Sunday, September 05, 2010

Tony & Susan by Austin Wright







Blurbed by writers as diverse as Saul Bellow and Ruth Rendell, Tony and Susan might well be an anomaly in crime fiction. Not only is it an example of literary fiction, containing a novel within a novel, but it is, in itself, a perceptive critique of crime fiction and perhaps even fiction in general, particularly when it comes to the power a writer holds over his or her reader. But this isn't one of those pretentious and often inaccessible exercises in post-modernism. Instead, it's a down to earth book about the relationship between writer and reader, past and present, reverie and thought, fiction and reality. It centers on Susan, who, fifteen years earlier, left her would-be writer husband Edward for the security of a life with Andrew, a surgeon. She and Andrew have two children and a nice, if at times problematical, life. A parcel arrives for Susan containing Edward's novel. In a note he mentions that she was, and remains, his best critic and would she please read the novel and let her know what she thinks. While pondering the real reason Edward might want her to read the book, she turns over the pages of the manuscript and becomes engrossed in it. She discovers the protagonist is someone called Tony, whose quiet life is suddenly and violently turned upside down. Moreover, she can't help but find clues in it to Edward's life and their earlier relationship. As she delves further, she, through Tony, relives her past, including her life with Edward and her marriage to Andrew.
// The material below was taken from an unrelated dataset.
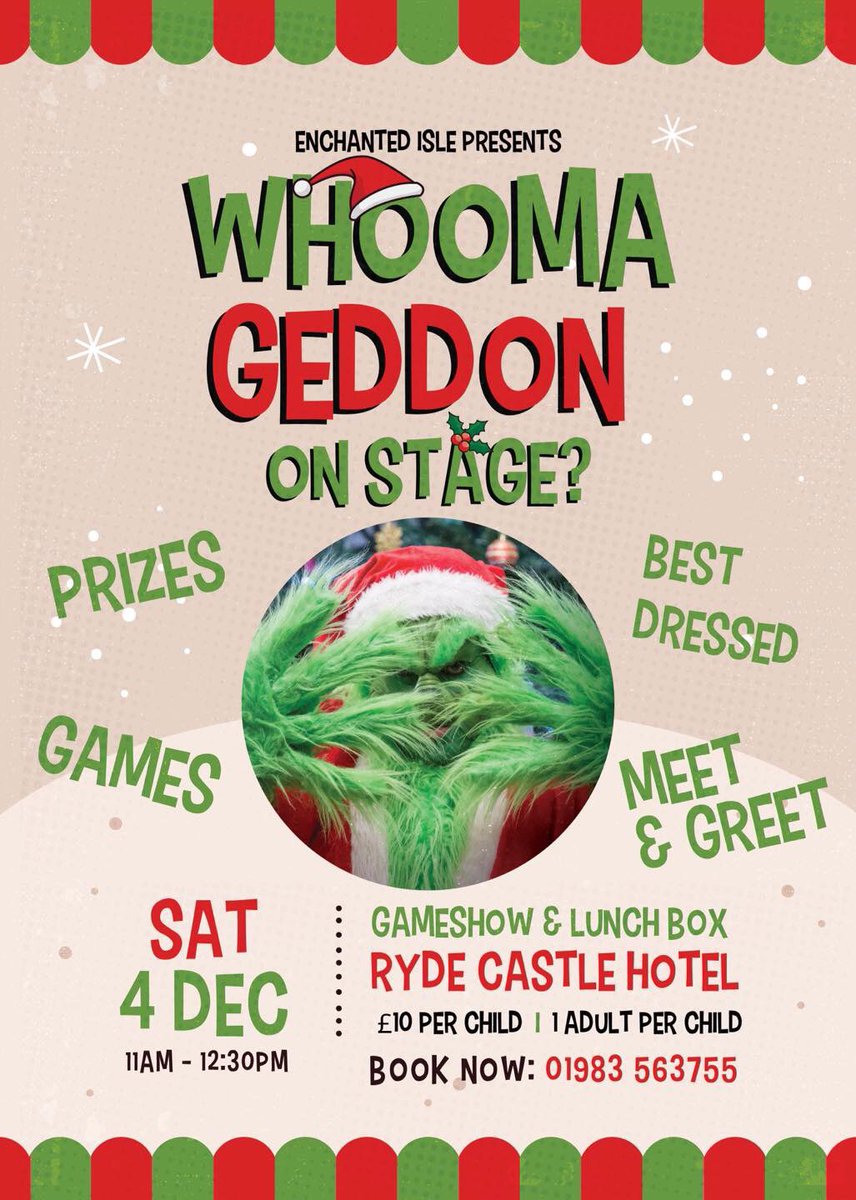 Tickets on sale now! #iow #isleofwight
It's a dark tale- both the novel within the novel and Susan's account of her life- about fear, regret, revenge, the power of the past to inflict itself on the present and future. For me the novel contains one minor flaw that has to do with the contradiction between Susan's well-defined sexual politics and her real life attitude regarding male sexuality, which probably isn't all that unusual and, for all I know, might have been intentional on the part of the author. In any case, in questioning the nature of writing and the relationship between writer and reader, this remains an exceptional and unusual crime novel, well observed, and, with both narratives moving at a fast pace, well worth reading. Austin Wright died in 2003 at the age of eighty. After reading this, it makes me wonder what his other books might be like.